▶ [Problem statement] Scan the entries below and return each line that contains "Golden".

########

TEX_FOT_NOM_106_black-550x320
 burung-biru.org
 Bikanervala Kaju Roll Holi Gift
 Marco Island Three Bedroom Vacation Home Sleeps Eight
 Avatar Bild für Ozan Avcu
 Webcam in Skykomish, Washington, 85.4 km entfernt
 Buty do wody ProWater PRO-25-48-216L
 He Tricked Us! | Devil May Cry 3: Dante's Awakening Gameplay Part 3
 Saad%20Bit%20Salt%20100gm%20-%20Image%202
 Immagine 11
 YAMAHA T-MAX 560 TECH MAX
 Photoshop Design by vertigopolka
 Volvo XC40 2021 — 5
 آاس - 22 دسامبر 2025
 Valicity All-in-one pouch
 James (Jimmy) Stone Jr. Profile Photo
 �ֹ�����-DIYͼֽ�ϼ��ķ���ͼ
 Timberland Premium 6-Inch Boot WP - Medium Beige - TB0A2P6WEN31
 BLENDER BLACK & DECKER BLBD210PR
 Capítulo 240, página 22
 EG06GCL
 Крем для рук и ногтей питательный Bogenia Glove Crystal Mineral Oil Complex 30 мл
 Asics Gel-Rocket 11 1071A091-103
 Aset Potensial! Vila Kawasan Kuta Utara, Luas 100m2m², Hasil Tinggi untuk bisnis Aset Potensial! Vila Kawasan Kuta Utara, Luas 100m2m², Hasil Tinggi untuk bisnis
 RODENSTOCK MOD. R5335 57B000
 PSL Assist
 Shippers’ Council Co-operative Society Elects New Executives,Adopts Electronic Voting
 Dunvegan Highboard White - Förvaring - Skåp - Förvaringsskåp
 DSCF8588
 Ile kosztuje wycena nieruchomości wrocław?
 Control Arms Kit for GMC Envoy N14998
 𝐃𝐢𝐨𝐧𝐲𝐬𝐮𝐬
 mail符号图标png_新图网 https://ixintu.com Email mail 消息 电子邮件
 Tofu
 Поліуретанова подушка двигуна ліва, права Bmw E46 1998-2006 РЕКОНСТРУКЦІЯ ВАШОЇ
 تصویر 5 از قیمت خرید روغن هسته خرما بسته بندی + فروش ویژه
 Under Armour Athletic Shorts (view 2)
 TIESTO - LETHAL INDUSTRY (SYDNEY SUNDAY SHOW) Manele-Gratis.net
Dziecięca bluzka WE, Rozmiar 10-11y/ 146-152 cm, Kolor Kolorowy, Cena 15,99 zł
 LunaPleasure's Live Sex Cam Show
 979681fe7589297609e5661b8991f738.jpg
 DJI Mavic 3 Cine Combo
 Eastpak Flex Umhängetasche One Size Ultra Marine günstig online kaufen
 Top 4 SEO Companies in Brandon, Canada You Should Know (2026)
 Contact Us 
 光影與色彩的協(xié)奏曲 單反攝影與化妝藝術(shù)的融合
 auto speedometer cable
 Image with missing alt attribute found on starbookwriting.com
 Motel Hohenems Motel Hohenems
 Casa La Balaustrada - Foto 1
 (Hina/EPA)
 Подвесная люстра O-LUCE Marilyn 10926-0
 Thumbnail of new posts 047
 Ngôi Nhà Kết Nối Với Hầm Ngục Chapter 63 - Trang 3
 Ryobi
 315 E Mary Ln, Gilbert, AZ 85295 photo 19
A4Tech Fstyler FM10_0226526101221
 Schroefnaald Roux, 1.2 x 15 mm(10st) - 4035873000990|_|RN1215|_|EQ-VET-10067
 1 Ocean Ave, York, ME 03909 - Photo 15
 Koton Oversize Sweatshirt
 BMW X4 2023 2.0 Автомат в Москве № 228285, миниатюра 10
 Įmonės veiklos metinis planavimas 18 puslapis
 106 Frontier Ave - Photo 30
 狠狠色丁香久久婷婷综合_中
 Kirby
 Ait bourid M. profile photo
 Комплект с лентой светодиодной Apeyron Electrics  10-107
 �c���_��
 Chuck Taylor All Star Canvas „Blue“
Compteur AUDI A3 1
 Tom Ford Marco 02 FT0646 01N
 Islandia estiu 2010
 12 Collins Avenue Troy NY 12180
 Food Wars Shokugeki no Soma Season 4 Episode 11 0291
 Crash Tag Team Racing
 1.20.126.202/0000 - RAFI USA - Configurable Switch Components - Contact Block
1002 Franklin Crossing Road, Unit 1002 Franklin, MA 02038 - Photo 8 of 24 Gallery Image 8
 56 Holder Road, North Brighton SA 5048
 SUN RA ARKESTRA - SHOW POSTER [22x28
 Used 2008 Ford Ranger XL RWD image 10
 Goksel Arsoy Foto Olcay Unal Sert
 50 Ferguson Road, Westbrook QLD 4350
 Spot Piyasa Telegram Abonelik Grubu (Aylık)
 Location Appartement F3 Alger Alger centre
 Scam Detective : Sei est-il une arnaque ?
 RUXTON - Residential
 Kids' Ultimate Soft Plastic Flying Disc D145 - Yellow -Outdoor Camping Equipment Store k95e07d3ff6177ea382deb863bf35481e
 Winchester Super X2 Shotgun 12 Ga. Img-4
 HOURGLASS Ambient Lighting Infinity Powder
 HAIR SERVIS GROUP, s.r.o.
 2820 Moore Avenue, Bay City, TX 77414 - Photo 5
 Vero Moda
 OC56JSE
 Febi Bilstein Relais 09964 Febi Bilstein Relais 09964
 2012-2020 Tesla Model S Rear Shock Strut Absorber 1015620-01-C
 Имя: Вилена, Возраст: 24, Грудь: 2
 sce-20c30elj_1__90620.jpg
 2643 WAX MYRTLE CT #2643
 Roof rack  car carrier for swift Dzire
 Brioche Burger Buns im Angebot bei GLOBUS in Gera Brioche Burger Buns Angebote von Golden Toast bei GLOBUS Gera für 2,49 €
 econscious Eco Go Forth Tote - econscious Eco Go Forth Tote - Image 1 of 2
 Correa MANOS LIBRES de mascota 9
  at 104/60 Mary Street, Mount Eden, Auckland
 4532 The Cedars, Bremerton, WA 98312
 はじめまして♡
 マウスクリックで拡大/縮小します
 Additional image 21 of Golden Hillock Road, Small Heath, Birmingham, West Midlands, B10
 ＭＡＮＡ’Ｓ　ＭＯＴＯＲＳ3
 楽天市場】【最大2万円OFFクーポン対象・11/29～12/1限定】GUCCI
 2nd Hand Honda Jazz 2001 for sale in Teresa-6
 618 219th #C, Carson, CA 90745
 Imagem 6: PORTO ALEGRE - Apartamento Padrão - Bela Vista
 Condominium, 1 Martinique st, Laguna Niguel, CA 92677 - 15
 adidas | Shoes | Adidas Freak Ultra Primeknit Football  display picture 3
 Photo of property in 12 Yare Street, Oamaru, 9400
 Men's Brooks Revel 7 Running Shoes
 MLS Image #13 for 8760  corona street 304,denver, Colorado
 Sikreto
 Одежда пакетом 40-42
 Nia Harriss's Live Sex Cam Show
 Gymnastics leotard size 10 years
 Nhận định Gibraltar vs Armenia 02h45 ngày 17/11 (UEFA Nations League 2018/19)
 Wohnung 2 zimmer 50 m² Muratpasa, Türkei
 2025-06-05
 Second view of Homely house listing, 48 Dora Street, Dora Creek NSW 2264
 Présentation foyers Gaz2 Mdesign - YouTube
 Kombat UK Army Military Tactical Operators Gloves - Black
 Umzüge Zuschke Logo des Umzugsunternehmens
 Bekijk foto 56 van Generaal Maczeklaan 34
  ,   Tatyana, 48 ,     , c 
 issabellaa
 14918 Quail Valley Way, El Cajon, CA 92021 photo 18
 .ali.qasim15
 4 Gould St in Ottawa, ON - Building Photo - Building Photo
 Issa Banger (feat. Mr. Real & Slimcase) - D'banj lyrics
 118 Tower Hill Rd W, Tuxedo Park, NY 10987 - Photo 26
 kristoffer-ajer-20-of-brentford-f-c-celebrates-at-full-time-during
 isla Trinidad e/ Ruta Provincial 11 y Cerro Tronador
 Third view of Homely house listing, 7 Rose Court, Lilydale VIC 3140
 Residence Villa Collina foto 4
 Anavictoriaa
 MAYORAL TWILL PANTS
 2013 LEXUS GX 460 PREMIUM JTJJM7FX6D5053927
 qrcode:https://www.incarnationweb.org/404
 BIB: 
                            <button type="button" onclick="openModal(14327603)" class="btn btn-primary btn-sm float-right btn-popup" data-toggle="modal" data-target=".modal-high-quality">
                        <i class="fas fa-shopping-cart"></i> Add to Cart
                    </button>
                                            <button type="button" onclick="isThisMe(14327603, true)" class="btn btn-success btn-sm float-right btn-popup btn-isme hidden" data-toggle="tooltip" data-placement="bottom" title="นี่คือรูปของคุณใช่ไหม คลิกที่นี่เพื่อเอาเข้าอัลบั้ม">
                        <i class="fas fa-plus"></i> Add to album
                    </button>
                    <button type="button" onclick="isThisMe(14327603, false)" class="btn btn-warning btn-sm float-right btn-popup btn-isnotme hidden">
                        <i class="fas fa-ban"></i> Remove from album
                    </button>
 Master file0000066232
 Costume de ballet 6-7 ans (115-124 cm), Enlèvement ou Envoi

########

▶ [Response box]
 Brioche Burger Buns im Angebot bei GLOBUS in Gera Brioche Burger Buns Angebote von Golden Toast bei GLOBUS Gera für 2,49 €
 Additional image 21 of Golden Hillock Road, Small Heath, Birmingham, West Midlands, B10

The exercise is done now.